Segment Open
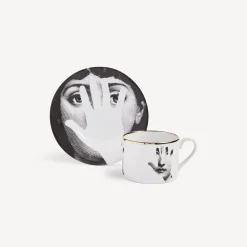 Fornasetti Set Da Te E Caffe^Tazza Da Te Tema E Variazioni Mano Bianco/Nero/Oro
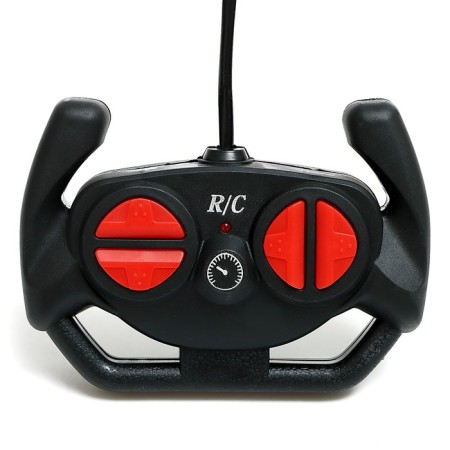 Racing machine on the radio control, works from batteries, the color of the blue-black-4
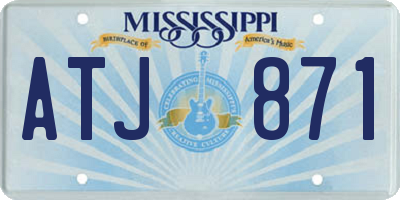 MS license plate ATJ871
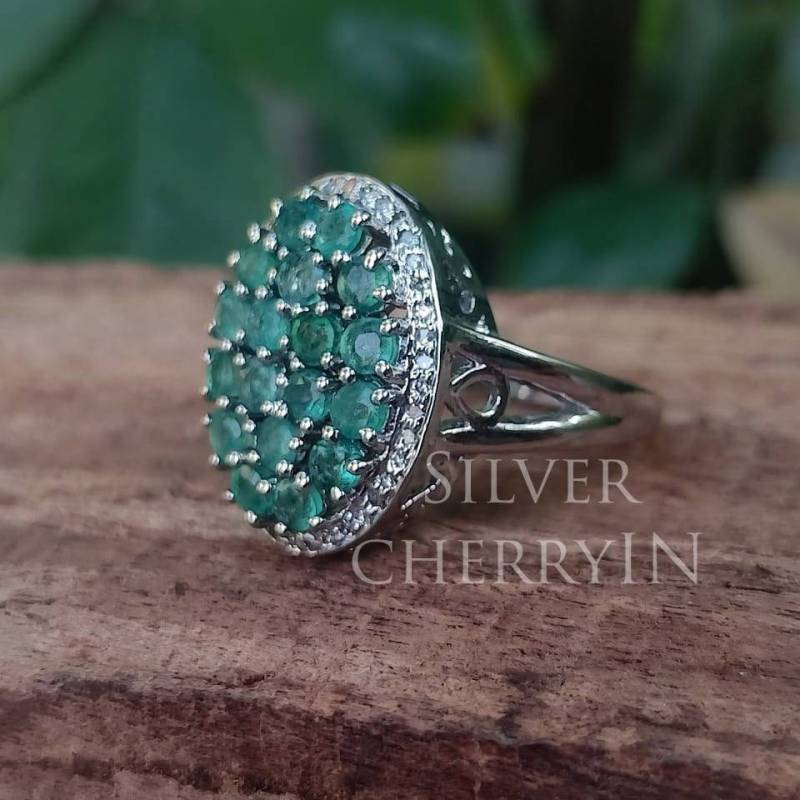 Natürlicher Smaragdring, Diamantring, Rundschliffsteinring, 925 Sterlingsilberring, Handgemachter Schmuck, Statementring, Ringe Für Frauen von SilverCherryIN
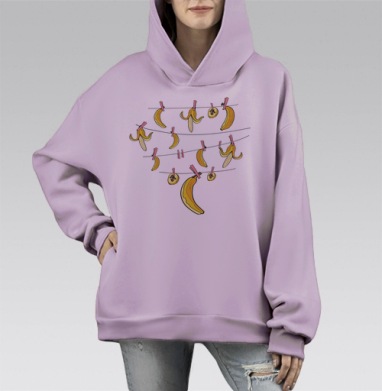 Бананы после стирки, Hoodie Mono Fiolet, оверсайз, утепленная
Segment Closed
* _Exercise directions_
In the copy, include no pictures; everything else in the material should be written out exactly.

* _Problem solution_
 Fornasetti Set Da Te E Caffe^Tazza Da Te Tema E Variazioni Mano Bianco/Nero/Oro
 Racing machine on the radio control, works from batteries, the color of the blue-black-4
 MS license plate ATJ871
 Natürlicher Smaragdring, Diamantring, Rundschliffsteinring, 925 Sterlingsilberring, Handgemachter Schmuck, Statementring, Ringe Für Frauen von SilverCherryIN
 Бананы после стирки, Hoodie Mono Fiolet, оверсайз, утепленная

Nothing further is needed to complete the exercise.